If we are commanded to “go therefore and make disciples of all nations,” how come we are not willing to obey the “go” part? This is where the people are and so we must go.

As my lead pastor, Wesley, said the other day—gone is the day in America when a church could just open their doors and call it evangelism. Today, if your church doesn’t have a website, people may not even know it exists.

People called compact discs and digital music a fad. Now most new cars don’t even come with a tape player. Yet, I can guarantee you that there is a pastor somewhere still trying to hand out his sermons on cassette tapes.


Of course, not all technology and culture is beneficial or good. If it violates Scripture then don’t use it. But don’t forget that many things in culture are morally neutral—it’s the person who decides if it will be used for evil or God’s glory.
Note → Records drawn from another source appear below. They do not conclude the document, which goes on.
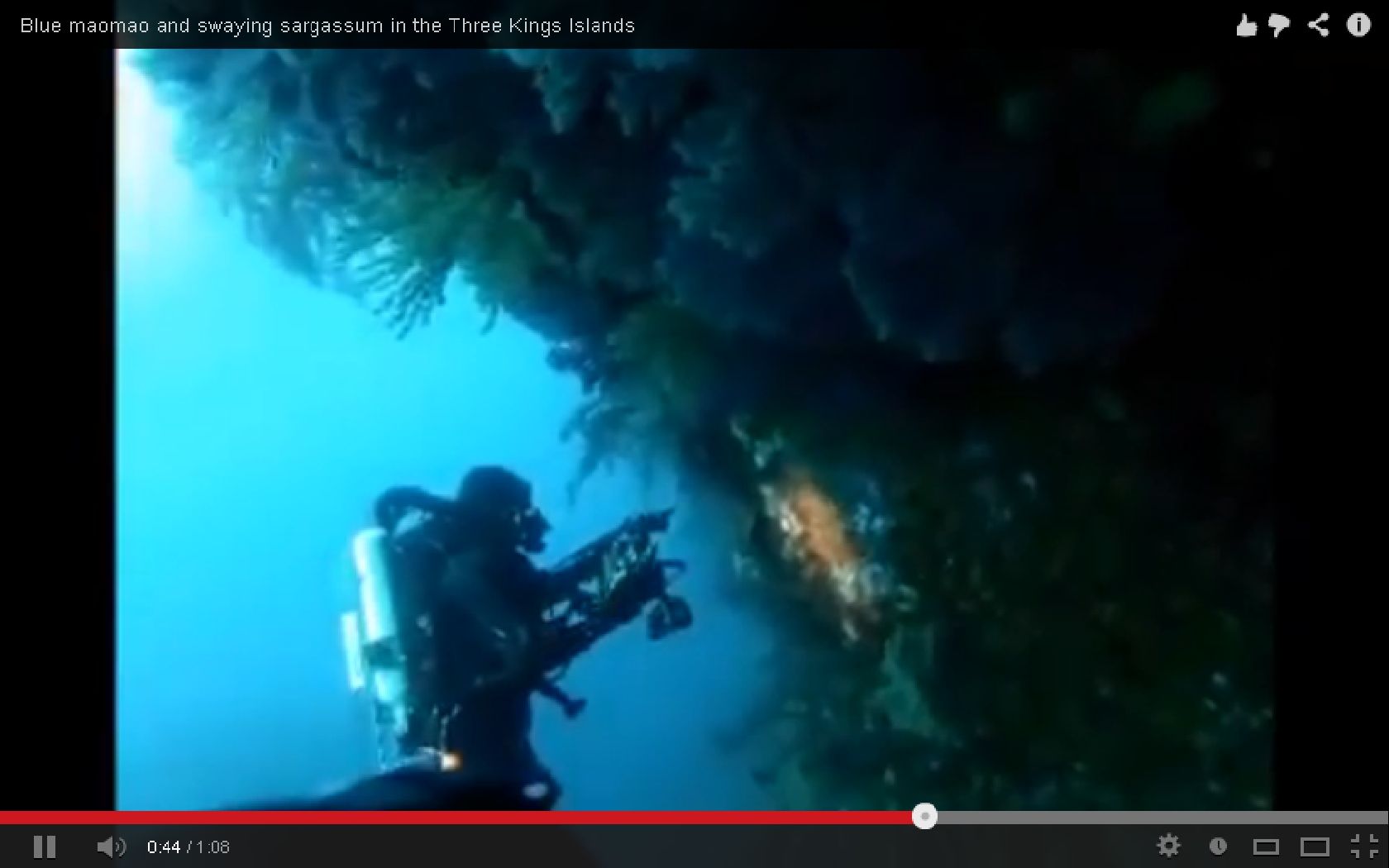Video of blue maomao & sargassum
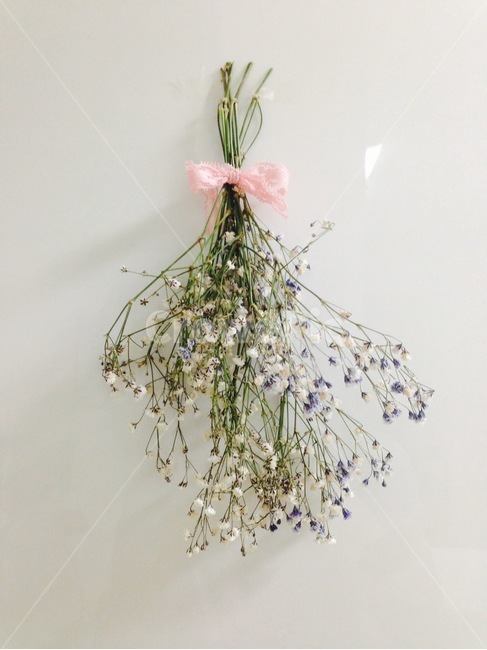 안개꽃,프리저브드,꽃다발,행잉플라워,하얀색,보라색,꽃,flower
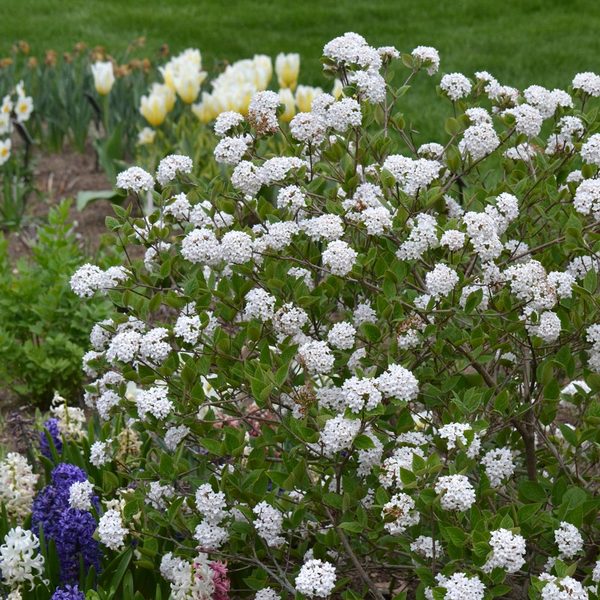 Viburnum carlesii Spice Baby™ White Flower Farm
The internet can be used for pornography or for reaching people with the Gospel who would never set foot in a church—they are hurting and don’t know what to do, so they Google “Does God love me.”

It’s easy to forget that God was willing to come into human culture to reach us. He wrote the Bible in a language. He employed authors who used figures of speech and referenced customs of the day. And then He sent His Son to live in a culture. To eat certain foods. To dress a certain way. To speak a certain language. All with the goal of saving people in the culture.

Christians can reflect God as His ambassadors and do this too.

The Apostle Paul used the newly developed postal routes to send out his letters to the churches. Paul also quoted pagan poets to illustrate certain Gospel truths (Acts 17:28). Gutenberg and Luther used the new printing press to mass produce the Word of God. Today, many people are being saved through the free and easy access to thousands of quality preaching via podcasts and YouTube.

What really matters is that we have a heart to reach the lost and are willing to do anything outside of sin to do that. Christians, we cannot idolize our methods and our comfort. It doesn’t matter if it is through Twitter or on the bus; we should always have the Gospel on our lips.

How will you burst out of your bubble and get in the game?